Saturday, November 08, 2003

Just Damn

Along with the first cup of joe this morning, I clicked on over to The Corner where they already have 3 items to get my heart started.

Some hyphenated "Americans" from Pakistan are opposing Bobby Jindal for governor of Louisiana because his parents came from India. Rod Dreher comments:
"I think it's a kind of unforeseen fear that if Bobby Jindal gets elected he might push things that are against the Pakistani interest," said Ashraf Abbasi of Port Arthur, Texas, who is president of the Pakistani-American Congress, an umbrella organization for Pakistani-American groups. Boy, it's hard to figure what the governor of Louisiana can do to hurt Pakistan. Halt Tabasco exports to Karachi? Ban the Neville Brothers from playing Mardi Gras in Quetta?
Maybe Ashraf's worried that Jindal would ban public displays of assholism.
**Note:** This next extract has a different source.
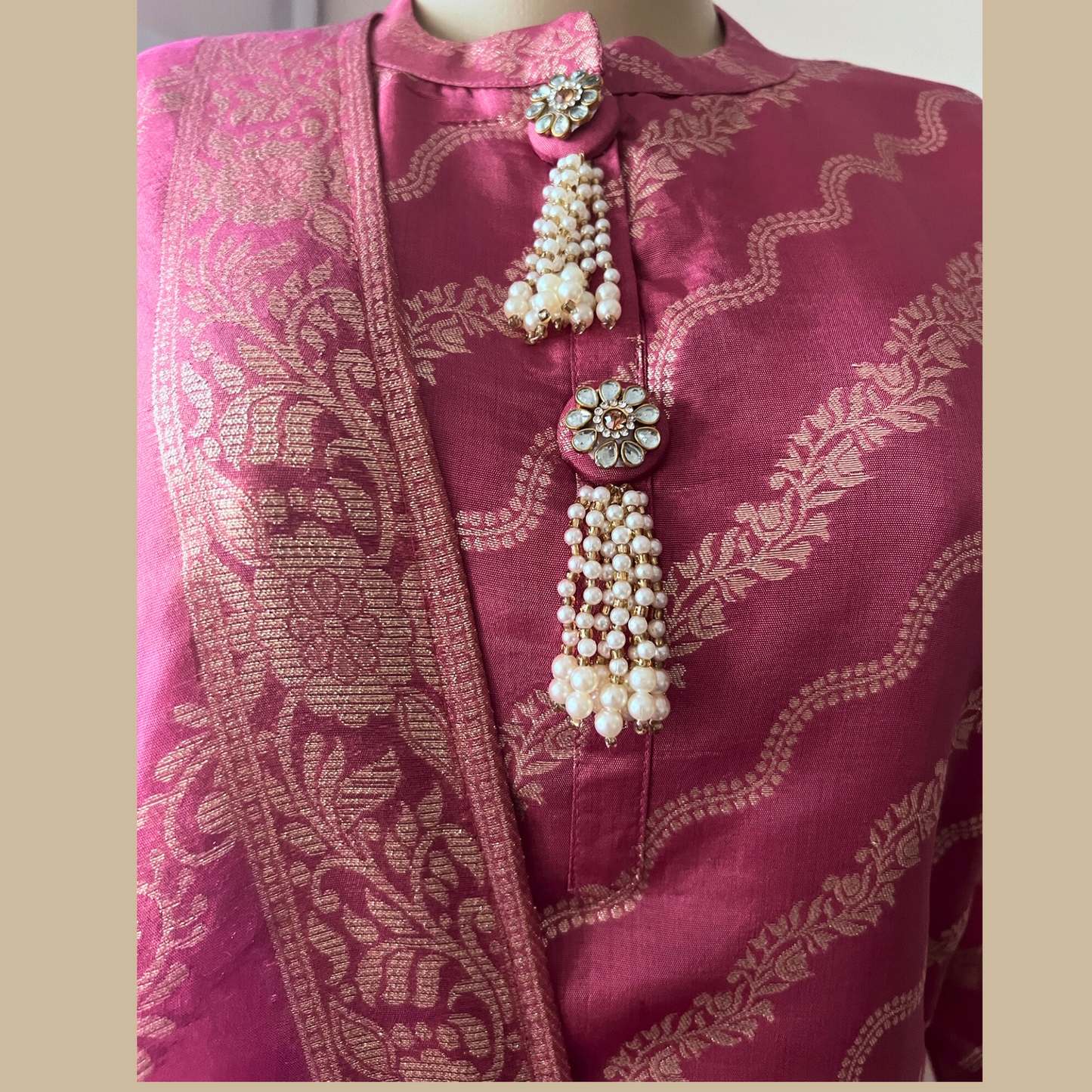 Cotton Silk Blend 3-Piece Suit in Pink with Gold Tone Weave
Following that, there's a piece on the Washington Post suck-up to the late Joan Kroc:
"She was a bit of a news nut," said Dick Starmann, Kroc's longtime friend and spokesman. "She loved NPR and its unfiltered presentation of the news. . . . It wasn't liberal and it wasn't conservative. It was as objective as you're going to find."
Maybe if you live on the planet Moonbat. Too bad the old gal was senile.

Finally, Tim Graham notices some campus hijinks at Princeton:
In case you’re in danger of thinking that the campus isn’t the best place for time traveling back into Hippiethink, see a sad Princeton revival of that old CNBC show starring Phil Donahue and Vladimir Posner (or Poznir, if you’re feeling Russian). The old Soviet stooge insists to the student body that America has had a government-controlled media since the Vietnam era. In case you missed it, “all information” goes through a military review first before it’s deemed acceptable for public consumption. Donahue modifies that theory slightly, suggesting that Americans can’t abide anti-war views, so that his brand of far-left “truth”-telling just can’t get a fair hearing.
Whoa, déjà vu! It's been more years than I care to think of since I last saw that Communist flack and his buttboy, Phil. It's good to see that they're playing the "big venues" with their dog and gerbil act.